Hoy un padre comprometido y cariñoso que toma parte activa en las labores de la casa ya no es visto como un “mandilón”, sino como un papá responsable y dedicado. Los hombres ya no ven amenzada su masculinidad por compartir responsabilidades y relacionarse con una pareja que sea independiente, autosuficiente o asuma un papel de liderazgo en la relación. Por su parte, las mujeres que continúan trabajando después de tener hijas/os no son vistas como “malas madres”, sino como mamás trabajadoras que aportan al sostén de la familia, además de que cada vez más mujeres son jefas de familia.

Si bien hay rezagos de la cultura machista y patriarcal, hoy más que nunca se están produciendo diferentes modificaciones en el modelo tradicional de familia, los roles sociales de mujeres y hombres continúan evolucionando, dejando atrás viejas creencias ancestrales de que, al casarse, las mujeres deben dedicarse a “atender a su marido y sus hijos/as”.

Cada vez más mujeres y hombres entienden que las relaciones de pareja no están —ni debe estar— basadas en la jerarquía, la sumisión, la autoridad masculina o la desigualdad, sino en la división igual de labores y responsabilidades.

Las falsas ideas de que “el hombre/esposo manda” quedaron atrás. Hoy todas las decisiones son y deben ser compartidas; las relaciones conyugales y familiares se están reconstruyendo bajo modelos democráticos.

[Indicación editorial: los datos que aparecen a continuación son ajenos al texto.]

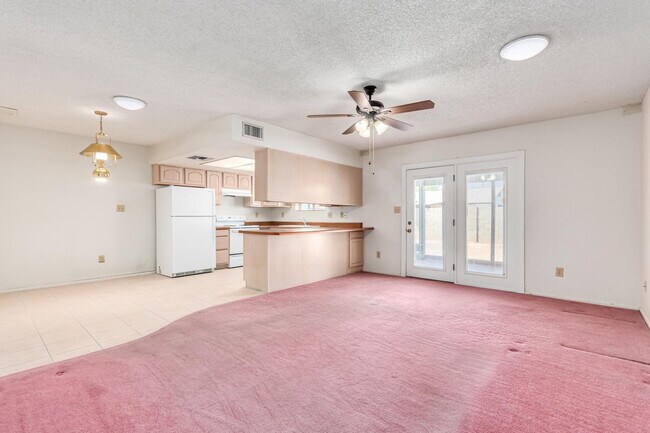 Building Photo - 1432 S Oracle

Estos cambios no solo se están dando en beneficio de las mujeres y del ejercicio de sus derechos, sino que también están dando paso a hombres más felices y liberados que no tienen que cargar con todo el peso económico y de toma de decisiones, así como a familias más plenas en donde todas y todos sus integrantes ejercen por igual sus derechos, gozan de autonomía, y donde el reparto de labores, beneficios y oportunidades es equilibrado.